With just a few days to go until the election, western Massachusetts participated in a national campaign Wednesday to warn about federal spending cuts to job training programs. Employment specialists and labor leaders held a news conference at an employment office in Springfield. WAMC”s Pioneer Valley Bureau Chief Paul Tuthill reports.
Nearly a dozen speakers warned that looming federal budget cuts will have a devastating impact on key employment and training programs in Massachusetts resulting in a shortage of skilled workers in fields including education, healthcare, manufacturing, construction and transportation.
William Ward, executive director of the Regional Employment Board of Hampden County warned there is a perfect storm approaching that consists of skills gaps, job vacancies and disinvestment in training.

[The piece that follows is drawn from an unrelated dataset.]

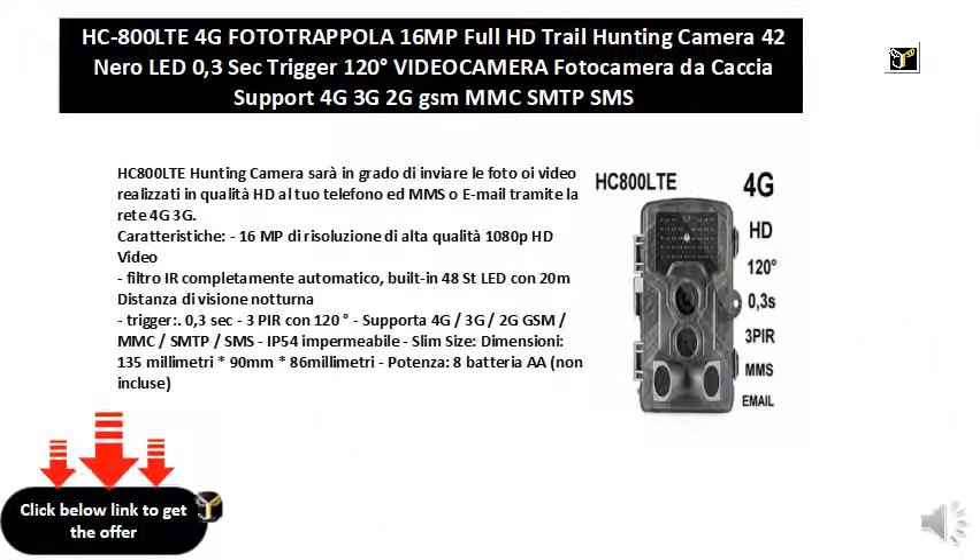Supports 4G/3G/2G GSM/MMC/SMTP/SMS. Waterproof IP54. Slim size — dimensions: 135mm × 90mm × 86mm. Power: 8 AA batteries, not included.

Ward was joined by representatives from regional employment boards in Berkshire, Hampshire and Franklin counties. There were also officials from the AFL-CIO and United Auto Workers union. They called on Congress to stop sequestration, the automatic across the board spending cuts that will go into effect on January 2, 2013.
The cuts will cost Massachusetts workforce development programs almost $11 million and result in 36,000 fewer people being helped, according to the National Skills Coalition, a nonprofit that promotes investment in job training.
Even before sequestration, federal spending on workforce development programs has been cut $1 billion since 2010.
The FutureWorks Career Center in Springfield was crowded Wednesday with people scanning job listings on computer screens and filling out applications. The center’s executive director Rexene Picard said roughly 7,000 people have come in looking for work in just the last three months, compared with 15,000 during all of last year. Most of the unemployed will need to learn new skills to return to work.
Patricia Crosby of the Franklin Hampshire Regional Employment Board said federal spending cuts also threaten the workforce development system.
Robert Bower, of the Massachusetts AFL-CIO , said the government should spend more, not less on employment programs
The looming automatic spending cuts are a result of the Budget Control Act, which was enacted in 2011 to increase the national debt ceiling in exchange for more than $2 trillion in federal spending cuts over the next decade.